I attended the London BlackBerry Jam, one of around 500 developers (the event was sold out) who showed up to learn about developing for Blackberry 10 and in the hope of snagging a prototype of RIM’s next smartphone, the BlackBerry 10 Dev Alpha. The event is part of a tour of 26 cities worldwide. I also spoke to Vivek Bhardwaj, Head of Software Portfolio EMEA for RIM. Does BlackBerry 10 have what it takes to compete against Apple iPhone and Google Android?
A few quick observations. The event was split into native and web tracks, with the native track focusing on C/C++ development and the Cascades UI framework, and the web track covering WebWorks, the HTML 5 developer tools which you can use to target mobiles as far back as BlackBerry 5, or to create apps that share code between BlackBerry and other mobile platforms.
There was also a tour of various mobile JavaScript libraries. One that caught my attention was Zepto.js, which implements most of the jQuery API in just 8.4k of compressed code, around 25% of the size of jQuery. The trade-off, aside from some missing features, is lack of support for Internet Explorer, though support for IE 10 is under consideration. Thought-provoking: the price of legacy platforms?
It turned out that the device Bhardwaj was holding, though pretty much the same hardware as the Dev Alpha giveaway, was more revealing as a glimpse of the next-generation BlackBerry. The Dev Alpha, which has an impressive 1280 x 768 screen, comes with no applications other than the web browser and its user interface is pretty much that of the PlayBook. Bhardwaj’s demo device on the other hand is a complete early version of BlackBerry 10 though there were parts that he would not demonstrate. I went to compose an email and he said, “we are not ready to show that yet.”

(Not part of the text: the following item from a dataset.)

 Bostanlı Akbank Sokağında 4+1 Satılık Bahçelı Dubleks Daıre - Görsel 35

So what is distinctive about BlackBerry 10? One of its key features is multitasking, thanks to the processor scheduling capabilities of QNX, the embedded operating system which underlies both PlayBook and BlackBerry 10. According to Bhardwaj, this enables up to 8 apps to run at once. “Applications all run simultaneously. We don’t need to pause them,” he said. “It’s much more about flow.”
Although apps do run full screen, you can take advantage of the multitasking by “peeking” at a background app. This means holding your finger towards the corner of an app and dragging it left to see a little of what is underneath. In the pic below this is another image.

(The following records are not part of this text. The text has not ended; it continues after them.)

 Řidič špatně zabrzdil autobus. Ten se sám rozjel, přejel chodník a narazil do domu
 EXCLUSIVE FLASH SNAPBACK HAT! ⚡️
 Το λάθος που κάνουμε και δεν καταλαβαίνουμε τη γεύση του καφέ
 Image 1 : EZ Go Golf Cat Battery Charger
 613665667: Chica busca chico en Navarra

Talking to developers at the event I picked up considerable enthusiasm for BlackBerry 10, though compatibility is a headache. If your customer asks you to support all versions of BlackBerry back to the 5.0 series, you are stuck with WebWorks and the pre-WebKit browser in 5.0. If you can convince your customer to forget 5.0, then you can develop for WebKit. If you want to use Cascades then you are restricted to PlayBook and BlackBerry 10.

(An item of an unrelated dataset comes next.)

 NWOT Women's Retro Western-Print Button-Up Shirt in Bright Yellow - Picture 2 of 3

BlackBerry 10 also supports Adobe AIR, for Flash-based apps, and an Android runtime for repackaged Android apps.
The prototype BlackBerry 10 phone looks good, but as a brand new platform is it sufficiently exciting to revive RIM’s fortunes? “I don’t believe that in a trillion-dollar plus industry there can only be two players. I think there is more than enough space for four or five platforms. It’s very short-sighted if we think there can only be three ecosystems,” said Bhardwaj.